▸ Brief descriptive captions
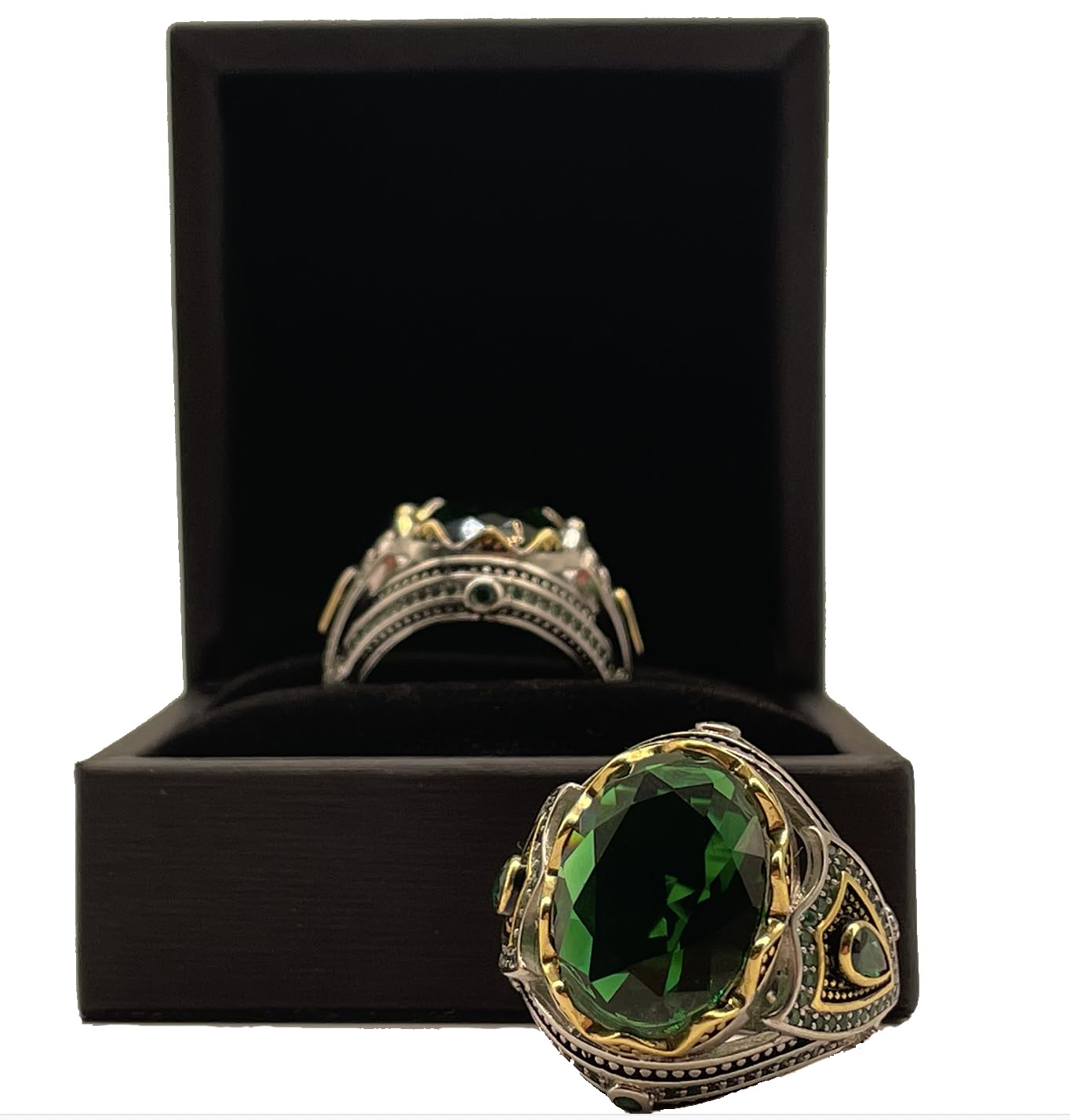 TASHILONG Emerald Stone Men Silver Ring 925 Silvering Emerald Gemstone Ring Handmade Engraved Turkish Silver Ring with Natural Emerald Stone (9)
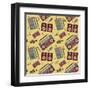 Retro Music Pattern-los_ojos_pardos-Framed Art Print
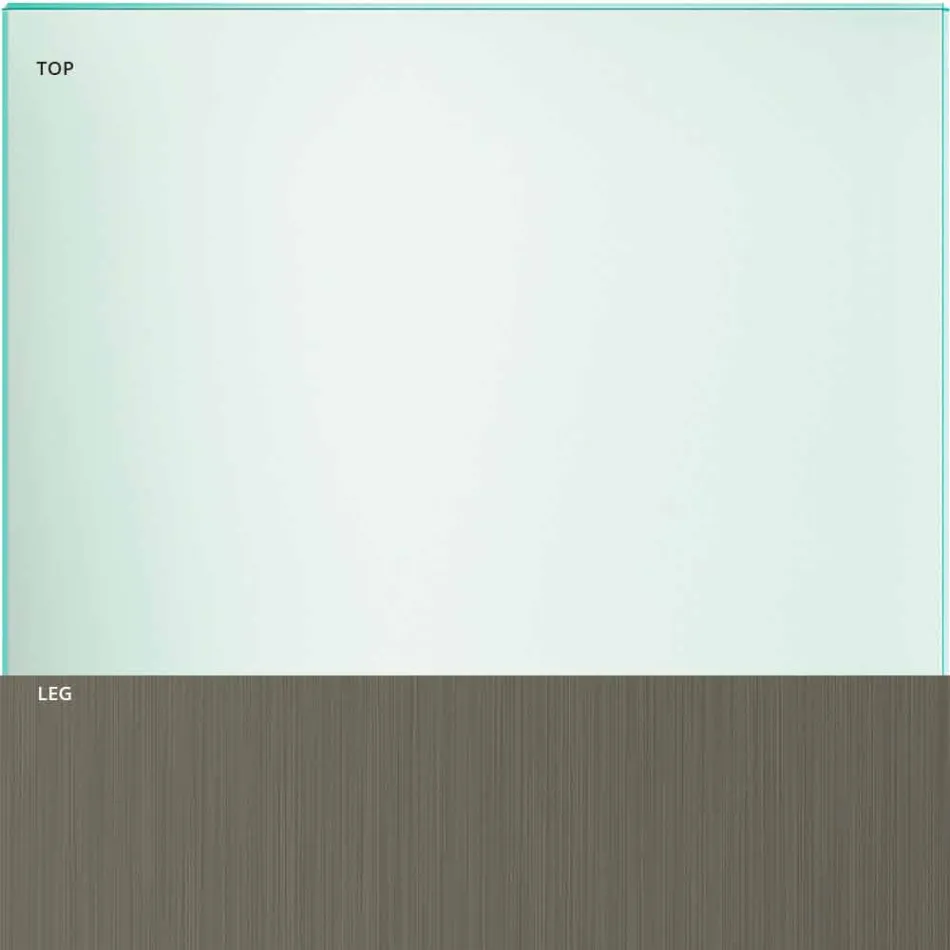 Mesa de comedor en vidrio transparente y metal varios colores 5 tamaños - Aschio viadurini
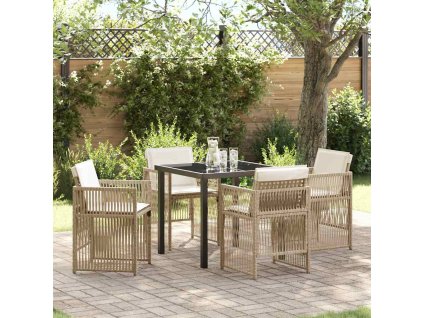 Zahradní jídelní souprava 5 pcs Béžová Poly ratan 3380661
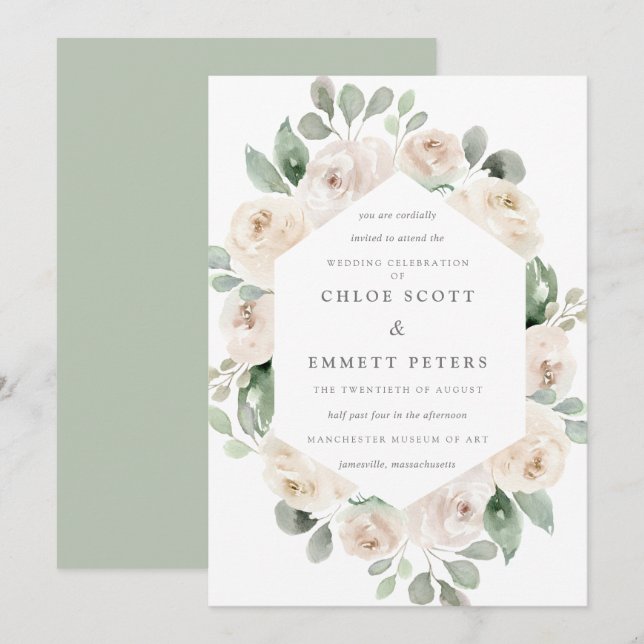 White Rose Floral Botanical Wedding Invitation (Front/Back)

▸ What you need to do
Repeat the preceding records exactly but drop the images.

▸ Answer box
 TASHILONG Emerald Stone Men Silver Ring 925 Silvering Emerald Gemstone Ring Handmade Engraved Turkish Silver Ring with Natural Emerald Stone (9)
 Retro Music Pattern-los_ojos_pardos-Framed Art Print
 Mesa de comedor en vidrio transparente y metal varios colores 5 tamaños - Aschio viadurini
 Zahradní jídelní souprava 5 pcs Béžová Poly ratan 3380661
 White Rose Floral Botanical Wedding Invitation (Front/Back)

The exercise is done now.